Chi si aspettava, vista la portata dell’evento, una scaletta costruita ad hoc si è trovato in mano un pugno di mosche: coloro che volevano spararsi un greatest hits live hanno avuto ben due occasioni nel 2009 e una nel 2012 (per l’ultima sto rosicando ancora oggi). Il concerto londinese è infatti inserito all’interno del breve tour di supporto all’ultimo lavoro “The Magic Whip“, dal quale vengono presi ben cinque brani, e l’intera estetica del palco. Sì, perché oltre alle decorazioni standard del British Summer Time, il palco dei Blur è un’estensione della copertina dell’ultimo studio album, partendo dalle decorazioni orientali al limite del kitsch e arrivando ad una vera e propria ossessione per il gelato, sfociata in un furgoncino messo a lato palco che ha preparato dei gelati serviti da un Damon Albarn, nel ruolo inedito di cameriere, ad alcuni fortunati delle prime file già nell’intervallo dei primi brani.
Pur accompagnati da una vasta backing band composta da coriste, percussionisti, trombettisti e violinisti, il motore del concerto restano quei quattro ex ragazzi che bazzicano il mondo della musica da quasi trent’anni. Ex ragazzi che iniziano a sentire il peso degli anni dal lato estetico (il bassista Alex James più degli altri tre messi assieme) ma che, appena salgono su di un palco, mostrano di avere energia da vendere. Pur penalizzati da suoni non all’altezza, le due ore di concerto scorrono via veloci, tra alcune chicche non proposte da almeno tre lustri come “Trouble in the Message Centre” e “Stereotypes”, e una “End Of A Century” inedita in questo tour, e i brani più noti del combo. La serata è di quelle speciali e il pubblico lo ha capito da subito, anche se un certo disinteresse nelle retrovie sui brani meno conosciuti e su quelli di “The Magic Whip” era palpabile. Ma poi sono bastati botti del calibro di “Tender”, “Song 2”, “Coffee And TV”, “Parklife”, “This Is A Low” e il trittico conclusivo “Girls & Boys”, “For Tomorrow” e “The Universal” per riportare anche il più sbronzo dei presenti sulle direttive giuste.
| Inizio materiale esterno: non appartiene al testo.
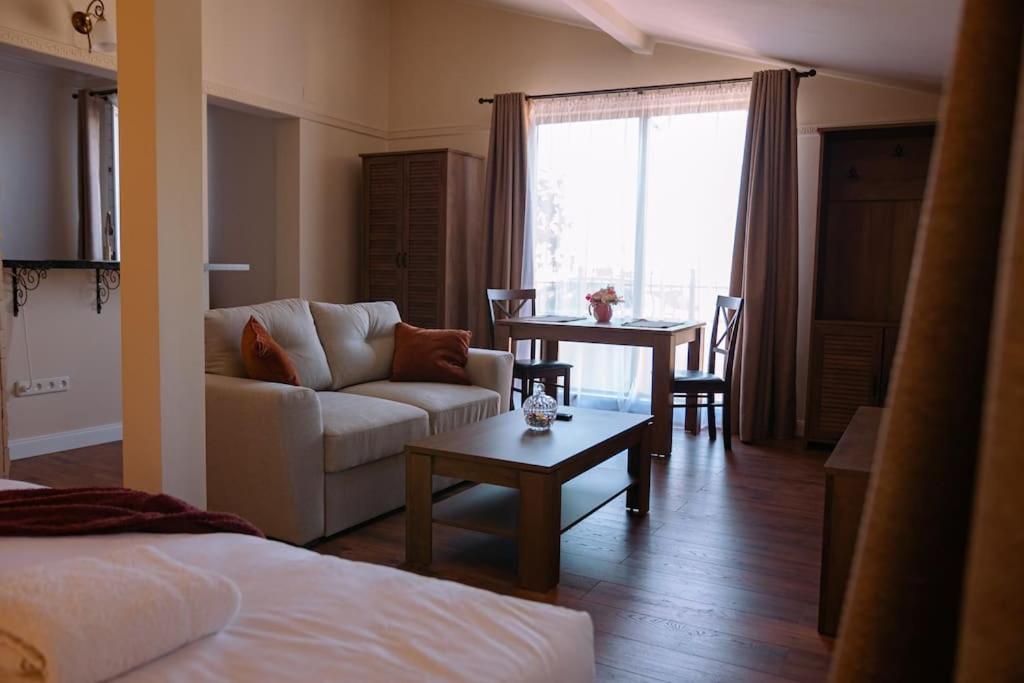 One-Bedroom Apartment - Photo 35
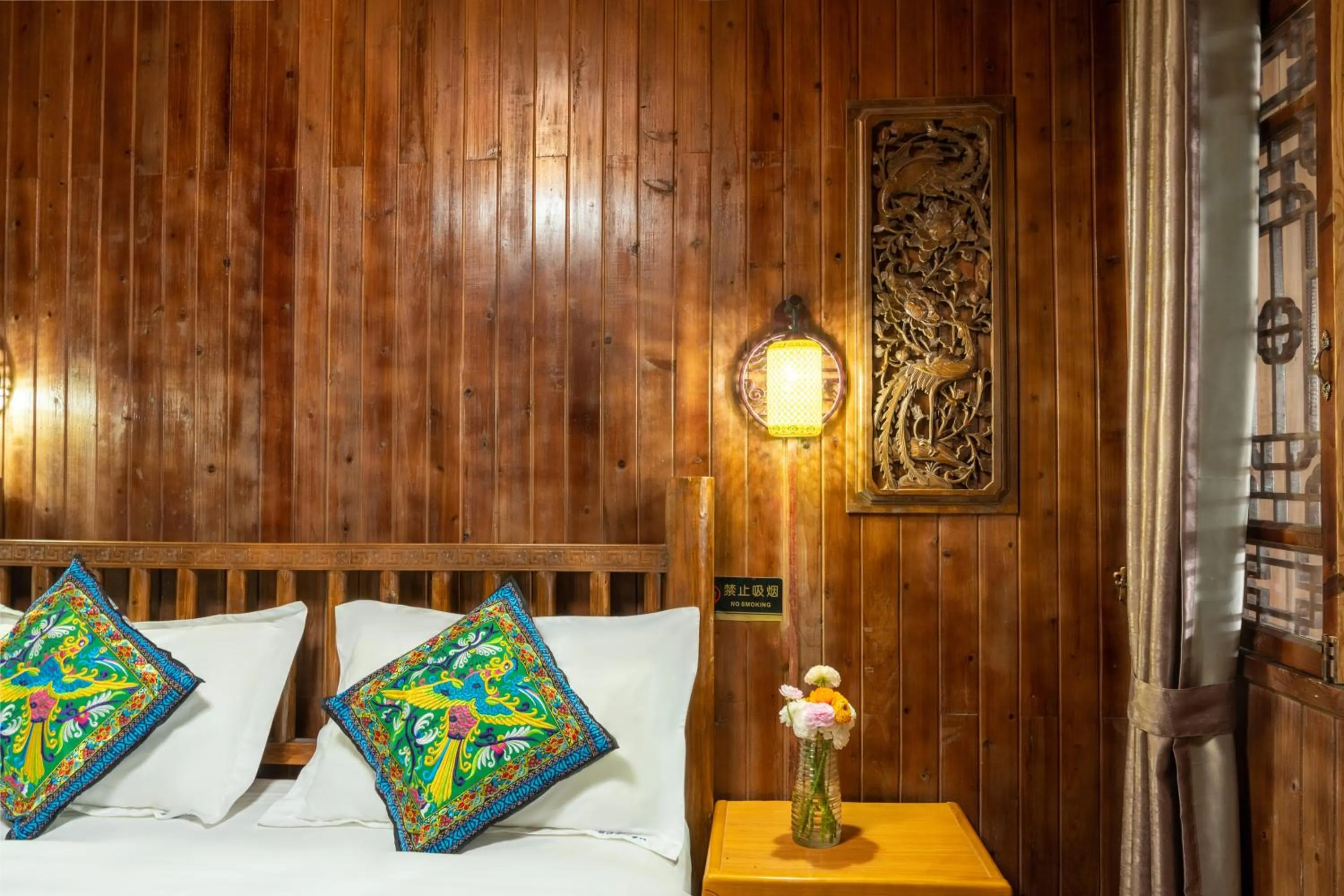 Lijiang Ancient City View Inn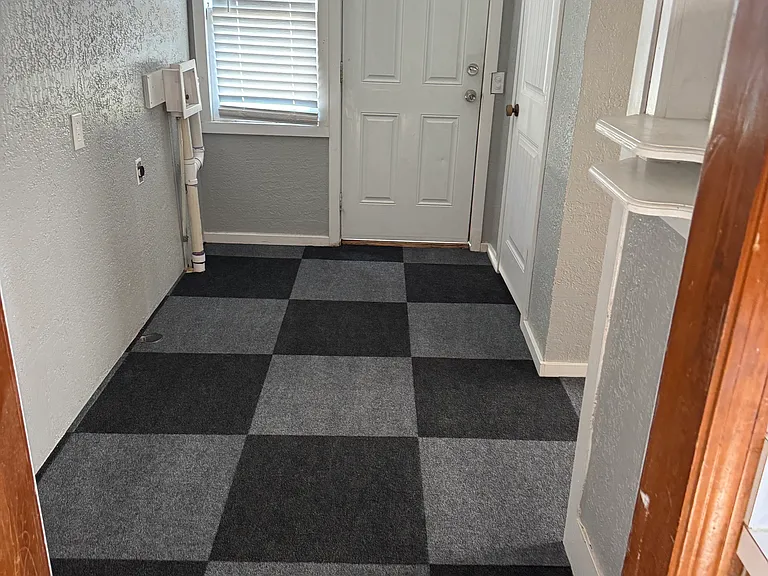 406 W Hornaday — Photo 11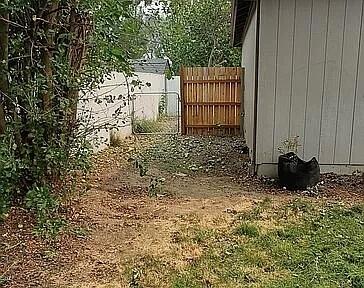 671 Andrea Way Eagle Point, OR 97524 - Photo 20 of 21 Side Yard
Ciò che resterà impresso del concerto dei Blur ad Hyde Park è che non è stato un evento per nostalgici dove l’età media superava i trent’anni: il repertorio del quartetto è stato infatti capace di radunare un numeroso pubblico di teenager, che di fatto ha salvato la serata da quello che avrebbe potuto assumere le dimensioni del flop, o dell’insuccesso delle vecchie guardie contro le nuove leve, visto l’imminente concerto sold out di Taylor Swift sempre ad Hyde Park di sabato prossimo. Ma, soprattutto, ha consegnato i Blur al gotha di coloro che non sono il semplice simbolo di una generazione ma che sono diventati un fenomeno trasversale. Come solo i grandi della musica possono essere.